Pakize’nin gözlerinden söylemek istediklerini anlamış ve insanlığımdan utanmıştım. Haklıydı aslında, evet çok haklıydı. Sen acılarına gebe kalmışsın, gelmiş bana akıl veriyorsun. En azından biz hayvanız sizin bizden farkınız yok der gibi…
Evet, ne farkımız vardı hayvanlardan; biri gelir kalbini yaşantını becerip arkasına bakmadan gidiyor. Bir ilişkide iki kişi sevişiyor tek kişi kopup gidiyor. Nasıl yapıyorlar, nasıl başarıyorlar, vurdumduymazlık mıdır, sadece kendini düşünme midir? Anlamış değilim. Gerçi bir başarı göremiyorum ben bu hissiyatsız olaydan. Gitmek başarmak mıdır? Ya da birilerinin hayatını becermek!
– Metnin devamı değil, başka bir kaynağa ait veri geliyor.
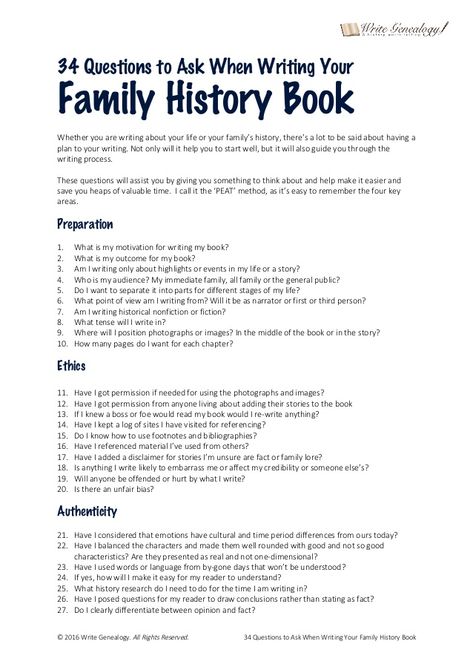 Writing Your Personal History, Writing Family History, Family History Questions, Family History Book Layout, Family History Printables, Guest Basket, Ancestry Book, History Printables, Genealogy Ideas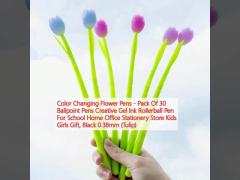 Color Changing Flower Pens - Pack Of 30 Ballpoint Pens Creative Gel Ink Rollerball Pen For School Home Office Stationery Store Kids Girls Gift, Black 0.38mm (Tulip)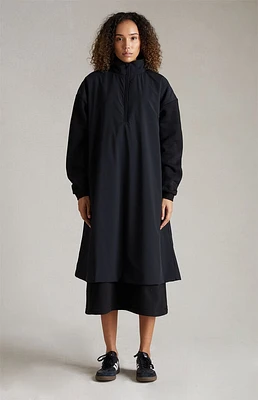 Women's Jet Black Nylon Fleece Mock Neck Sweater Dress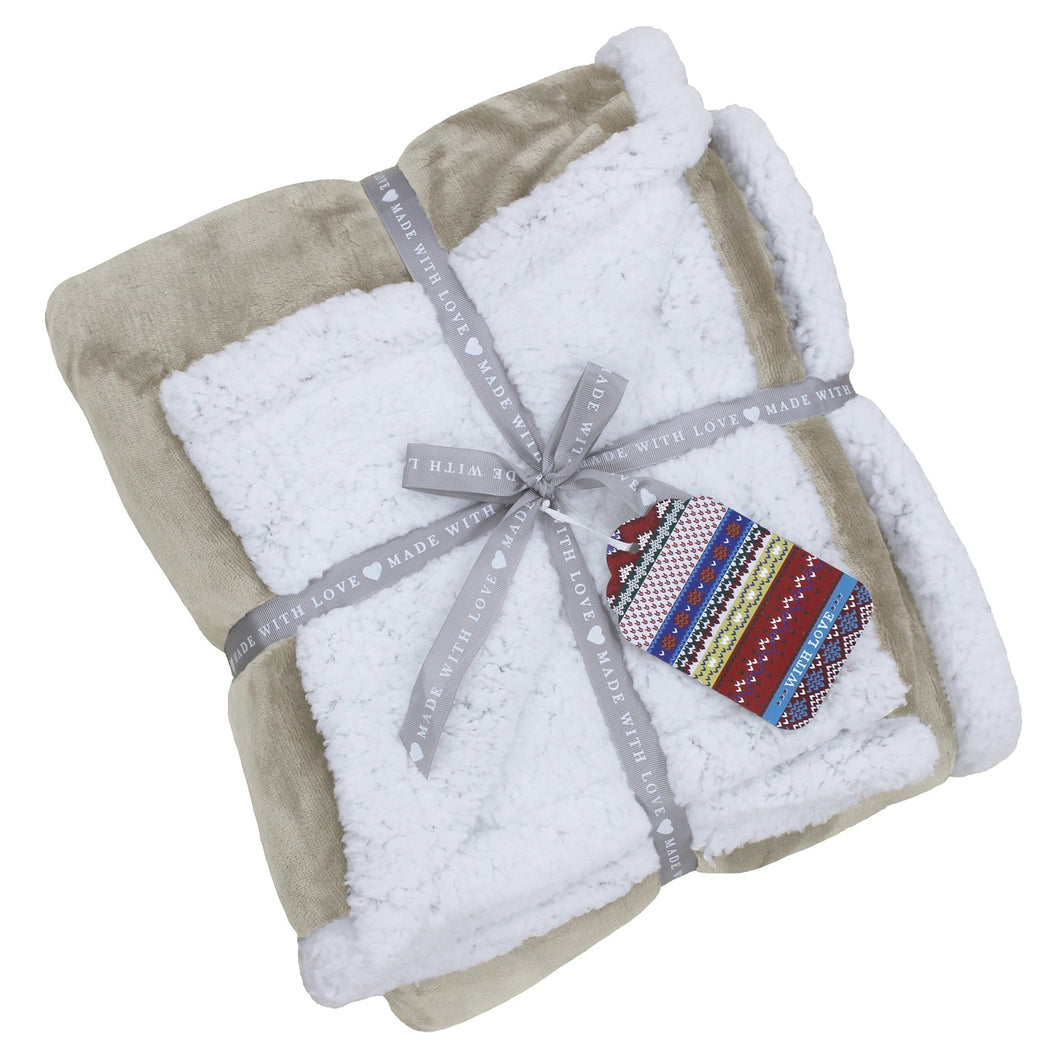 Natural Lux Sherpa Fleece Throw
Pakize, haklı; düşüncesiz, duygusuz, hayvani bir hareket bu. Pakize’yle aynı kafadanız. Yatakta da çoğu zaman böyledir, biri muhakkak arkasını dönüp uyur. Bana göre aynı şey; sevişmenin en güzel notasındayken terkediliyorsun. Cumburlop uykuya dalmış, bildiğin karabatak oluvermiş. Eğer sende o karabatak kadar rahat değilsen sudan çıkmış balığa döner, yüreğinin aklının bir yerlerinde çırpınır durursun. Gittikçe nefessiz kalır, alışmaya kendini kandırmaya çalışırsın boğulduğunun farkına varmadan. Yoruldukça aklında ki düğümleri çözmeye başlar, ne kadar oksijensiz kaldığını geçte olsa anlarsın. Kalbin aynı çarpmaya bilir, fikirler değişip uyuşmaya bilir. Hatta sevişmeler bile eskisi kadar zevkli olmayabilir. Fakat bir zamanlar duygu düşünce olarak uyuştuğun kişilerin bu seferde ayrılık ile uyuşturup gitmesi ne acı değil mi? Benim açımdan en azından böyle…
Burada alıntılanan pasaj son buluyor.